The US government accidentally made public a secret report detailing its nuclear sites, programs and even exact locations of nuclear stockpiles, The New York Times reported on Wednesday.
"The federal government mistakenly made public (the) 266-page report," the Times reported, noting that the blunder was revealed on Monday in an online newsletter about federal secrecy.
"That set off a debate among nuclear experts about what dangers, if any, the disclosures posed.
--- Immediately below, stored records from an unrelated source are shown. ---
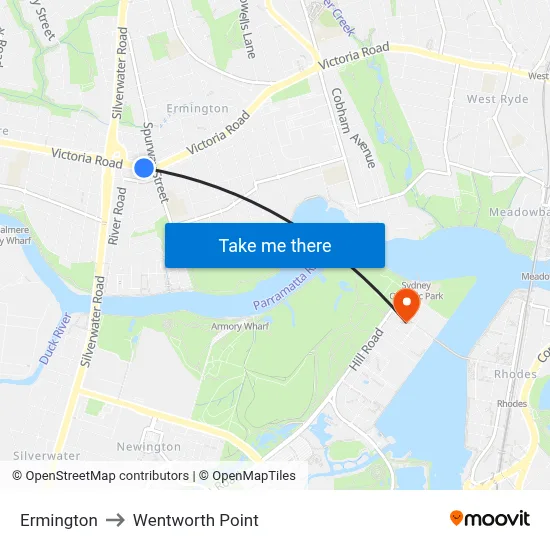 Ermington to Wentworth Point map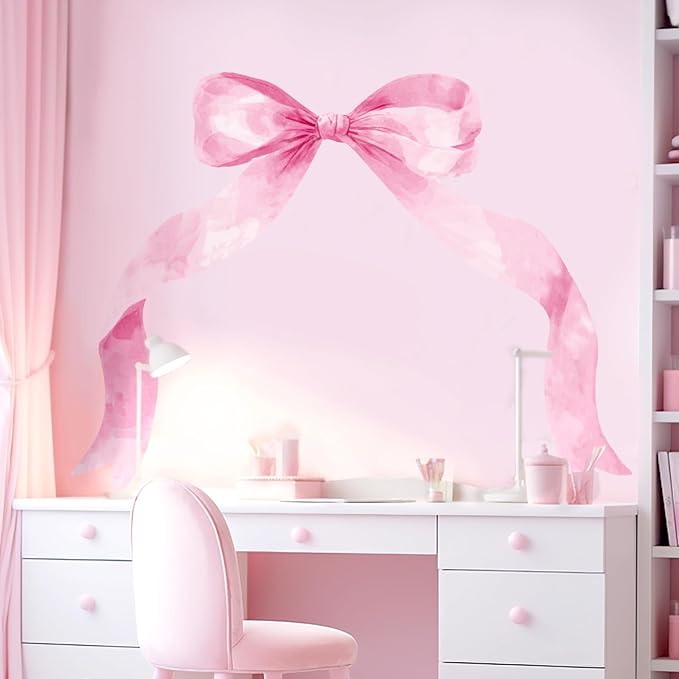 59 x 45 Inch Large Pink Bow Wall Stickers Peel and Stick Coquette Girl Room Decor Large Watercolor Bow Stickers Preppy Waterproof Vinyl Decals Wall Decor for Girl Room Nursery Kindergarten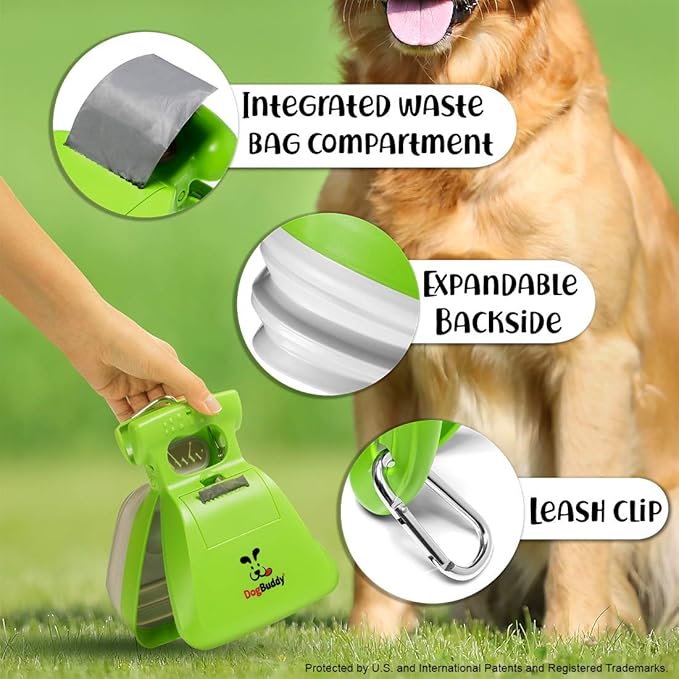 DogBuddy Pooper Scooper, Portable Dog Pooper Scooper, Poop Scooper for Small and Large Dogs, Pooper Scooper With Bag Attachment, Leash Clip and Dog Waste Bags Included (Medium, Mist)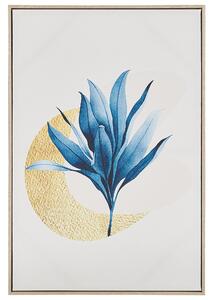 Zarámovaný obraz na plátně květinový motiv 63 x 93 cm béžová a modrá CORVARO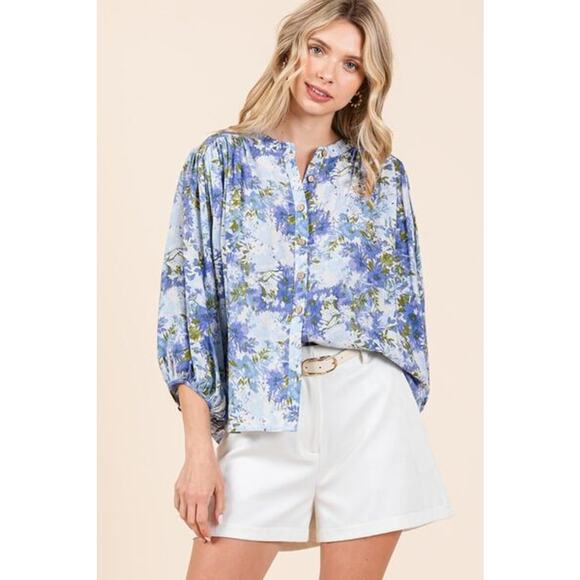 Mittoshop Flower Print Batwing Sleeves Button Down Relaxed Fit Blouse | Blue - Picture 7 of 7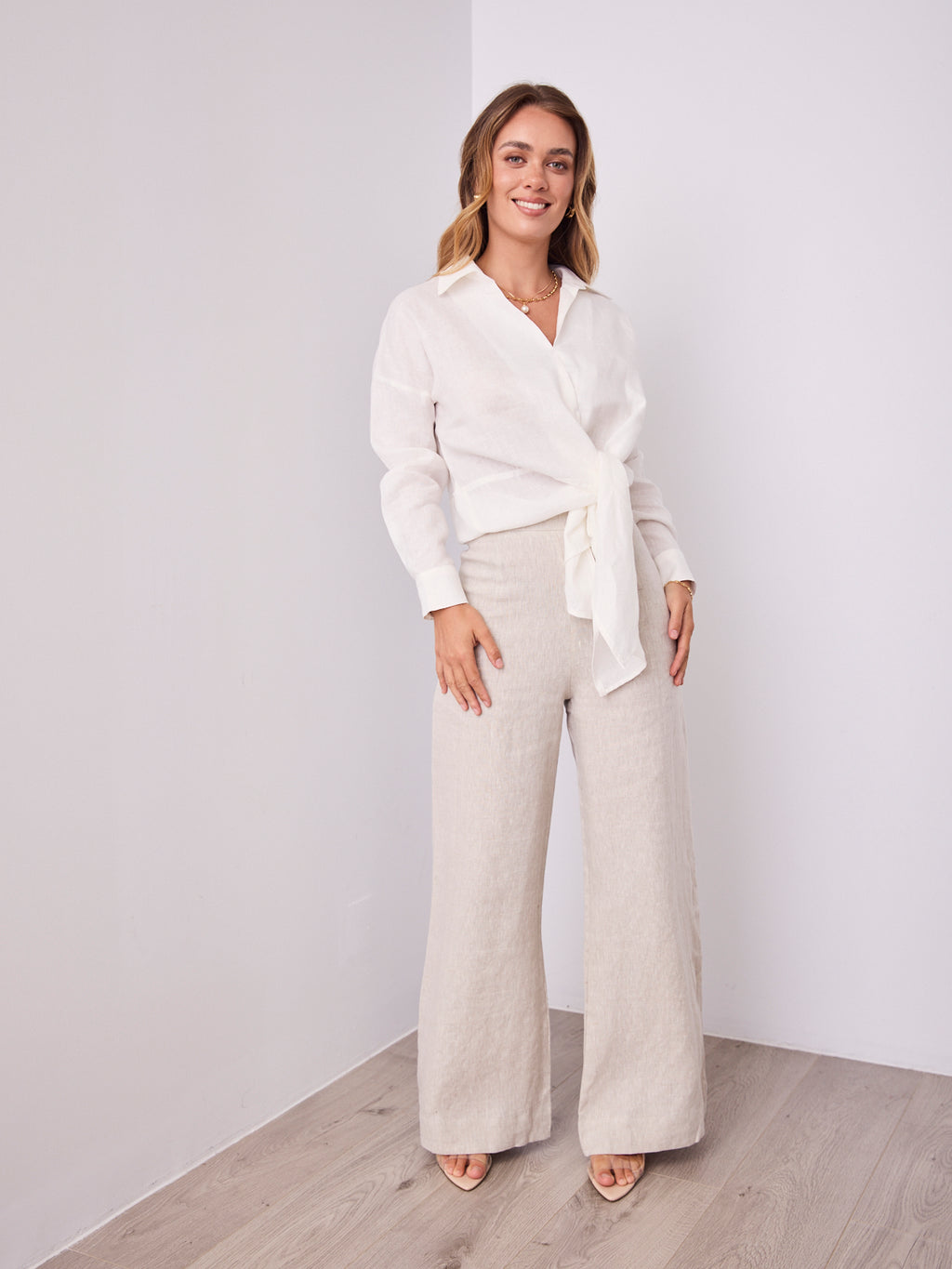 COMO LONG SLEEVE LINEN SHIRT - WHITE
It also prompted a flurry of investigations in Washington into why the document had been made public," the Times said, adding that by late on Tuesday "after inquiries from The New York Times, the document was withdrawn from a Government Printing Office Web site".
House Speaker Nancy Pelosi said on Wednesday she had called for an investigation into the incident.
"The disclosure of information related to nuclear facilities suggests that the current system does not provide adequate review and safeguards," she said in a statement.
"Accordingly, I have asked the Government Accountability Office to investigate immediately what led to the disclosure of this information and to make recommendations to prevent a similar disclosure in the future."
Several analysts said the security breach was not devastating "given that the general outlines of the most sensitive information were already known publicly," the report said.
"These screw-ups happen," the Times quoted John Deutch, a former director of central intelligence now a professor at the Massachusetts Institute of Technology, as saying. "It's going further than I would have gone but doesn't look like a serious breach."
The information was described as "confidential but not classified," the Times added.
David Albright, of the Institute for Science and International Security here, told the paper however that making the locations of nuclear material available "can provide thieves or terrorists inside information that can help them seize the material, which is why that kind of data is not given out".